Pazar, Mart 11, 2012

simmel, kültürün bir tarihi olmasının nedenini açıklarken yaşam ve yapıt arasındaki çatışmadan söz ediyor iki saat boyunca okumak zorunda kaldığım önsözden sonra:
hayatın yaratıcı hareketinin, hayata ifade ve gerçekleşme formları sunan birtakım yapıtlar ürettiği her yerde, buna kültür deriz: yasalar, sanat eserleri, din vb. bunlar, hayatın kesintisiz akışını içlerine alıp ona form ve içerik, ufuk ve düzen kazandırır. fakat hayat sürecinin bu ürünlerinin kendine özgü bir özelliği vardır: ortaya çıktıkları andan itibaren kendilerine ait sabit birer forma sahiptirler... bu formlar, hem kendilerinden uzaklaşan yaratıcı hayatı taşırlar, hem de bunu takiben içlerine dolan, ama bir süre sonra kuşatamaz oldukları hayatı... ilk oluşma anlarında hayatlka uyumlu olabilirler; ama hayat kendi evrimini sürdürdükçe, bu formlar katılaşıp sabitleşmeye başlar, hayata yabancı, hatta düşman hale gelirler. (modern kültürde çatışma)

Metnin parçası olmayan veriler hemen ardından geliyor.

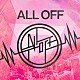 ＡＬＬ　ＯＦＦ「ＡＬＬ　ＯＦＦ」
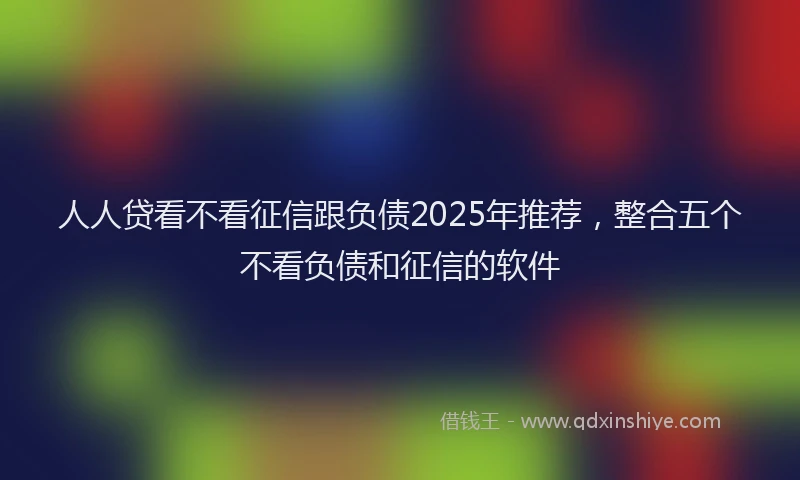 人人贷看不看征信跟负债2025年推荐,整合五个不看负债和征信的软件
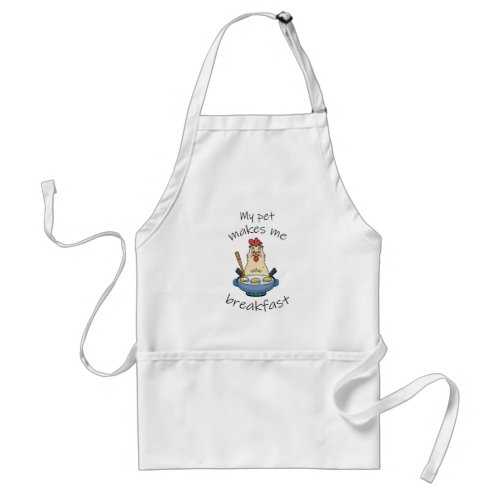 Funny text The hen is making breakfast Adult Apron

görmezden gelinemez varlığını halen tüm şiddetiyle sürdüren bir olguya dokunan ya da onu kibirli kollarıyla saran/sarsan otoriter yapının köhneliğinden yakınıp, o olgu üzerinde -aslında hiç de gerekmiyorken- yeni bir otoriter yapı oluşturulmaya çalışılması (ve elbette eskisinin kötülüğünün ileride tekrar hortlatılmak üzere gölgelerin arkasına saklandığı unutulmamalıdır), kültür dünyamızın devinmeye devam ettiğinin umut verici bir işaretidir. ya da: ben neden dert ettim ki bunu kendime?